A number of systems – mainly in Western countries – have achieved rapid development, including through deregulation. However, the complete delegation of responsibility for the laws of the market economy has also led to the systemic challenges we are seeing now. We have already talked about this topic in detail many times and will talk about it another time as well, its unfolding is beyond the scope of this article. This time we would like to convey the main idea of the Georgian case.
In particular, based on the goal of resilience and security of our country, a complete emphasis on military and political ties or alliances alone is correct but insufficient. Stability and external risk management based on predictability and internal security are largely based on an understandable and acceptable agreement between the state and citizens on political and business processes in the internal life of the country.

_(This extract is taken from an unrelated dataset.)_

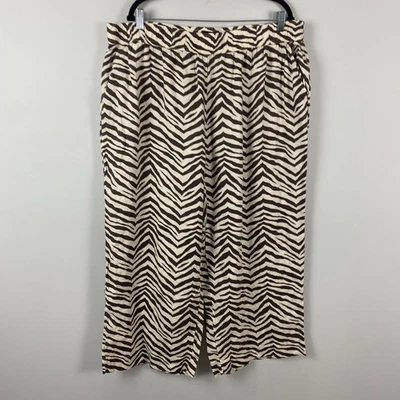 Tahari 100% Linen Animal Print Pull-On Pants Size 3X Wide Leg Cropped - Image 1 of 4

The following conditions should be ensured for the viability and reliability of this agreement – both in writing and in operation – as well as for the sense of citizenship of one’s country:
(a) Social capital of institutions and institutional governance, i.e. trust in them;
(b) Equal access to economic resources and opportunities;
(c) Striking the right balance between capital on the one hand and the development of the state and society on the other; The advancement of capital is the most important prerequisite for a rich and self-sufficient country, although it is in the interest of capital itself to make consistent, systematic and inclusive progress on a national scale;
(d) The provision of quality services by the state;
(e) The realisation of real rather than illusory meritocracy in politics and governance;
(f) The existence of at least several political and business centres competing within a framework of law and publicity which prevents the “capture” of all power by one particular group or individual;
(g) The availability and use of information and other technologies for the inclusive development of the country as an “obstacle” to retreat.
We consider the implementation of these and other possible conditions in real life, their establishment as a rule and their transmission from generation to generation as a state, political and social heritage, as a practical mechanism for strengthening internal Georgian, and thus national security to a greater or lesser extent.

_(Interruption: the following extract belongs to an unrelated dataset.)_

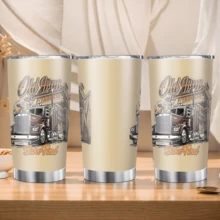 1/5pcs 20oz Stainless Steel Insulated Tumbler, Vintage Heavy Duty Truck Print, Leak-Proof Sealed Lid, Portable Insulated Cup, Suitable For Road Trips, Garage Work, Long Distance Driving, Daily Drinking - Heavy-duty Truck - View 2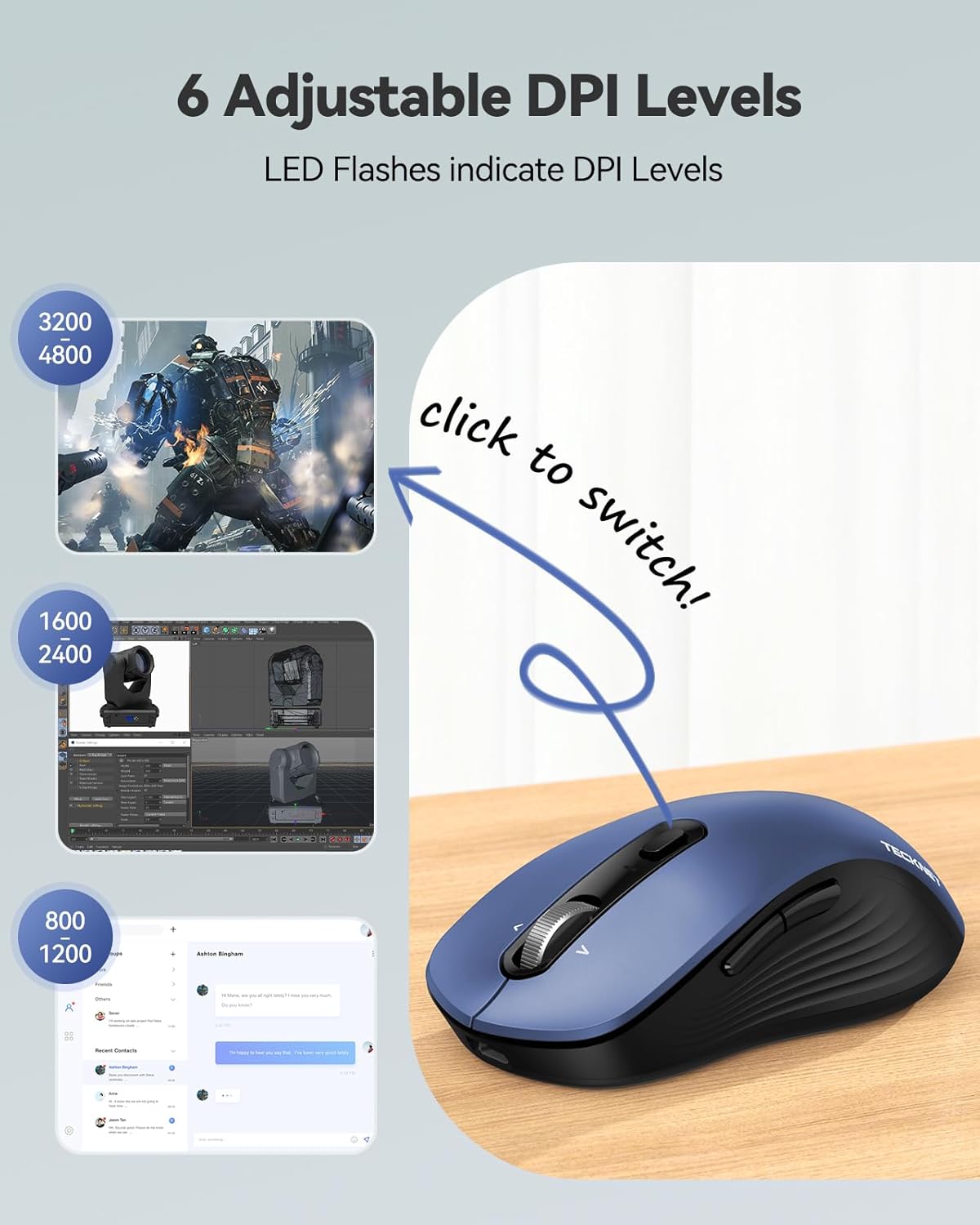 TECKNET Ratón Bluetooth recargable, [USB + BT5.0 + BT3.0], mouse in...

In addition to the above, the combination of these conditions contributes to the already mentioned “democratization from within” of a process and to a better awareness of different actors, which also creates an opportunity for a more orderly and consistent defense of national stability and national and state interests in the external arena – without internal fluctuations, radical polarization and crossing of “red lines”.

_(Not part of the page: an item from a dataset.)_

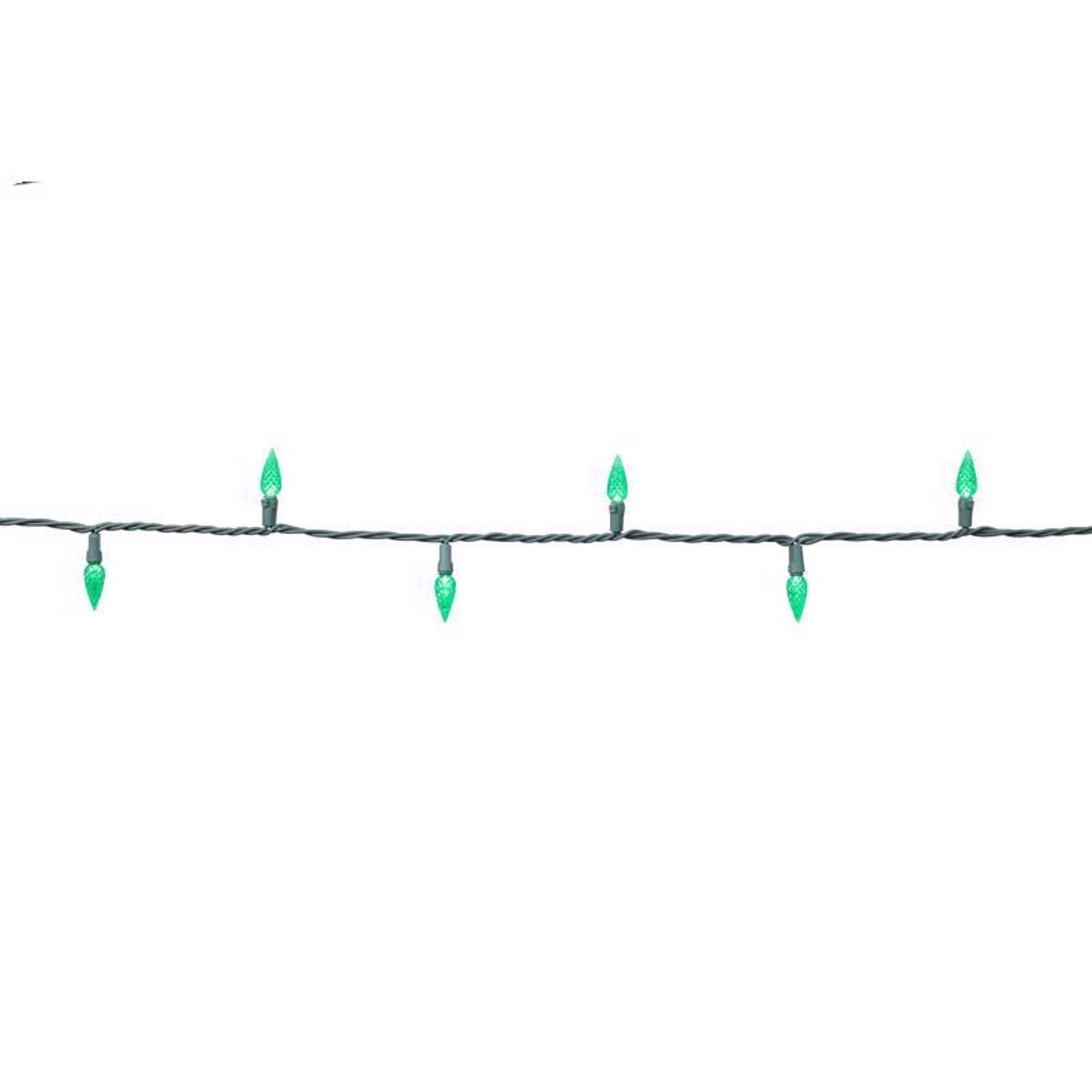 Celebrations Classic LED C6 Green 100 ct String Christmas Lights 24.75 ft.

Otherwise, the national security system will be so saturated with vulnerable areas that the aggravation of the problem of even one of them may be contagious to the rest and lead to the disintegration of the entire system, which will diminish the country’s sovereignty and increase harmful influences from outside and within, moreover: at such times, there is an illusory notion that concentration of power is better, especially for effectively overcoming external and internal challenges. In fact, the opposite consequence of this notion is the slide of the concentration of power towards authoritarianism and the dangerous transformation of the country into a so-called “besieged fortress”, which further multiplies and aggravates the risks of national security. For such a situation, we do not have enough resources for self-sufficiency and, most importantly, we do not have the will determined by our own historical past and present.
It has been said and written about many times…
… that security in the modern sense is more than armor and bullets. From the point of view of the present and future of the Georgian state, a correct and acceptable balance between the institutions of the state and the citizens is also necessary. Only on such balancing of relations, mutual control and mutual participation does the load-bearing wall of our own security and competitive development hold. It is also a practical way to manage today’s risks and minimize future threats where possible. Now is the time to be bolder in taking more responsibility.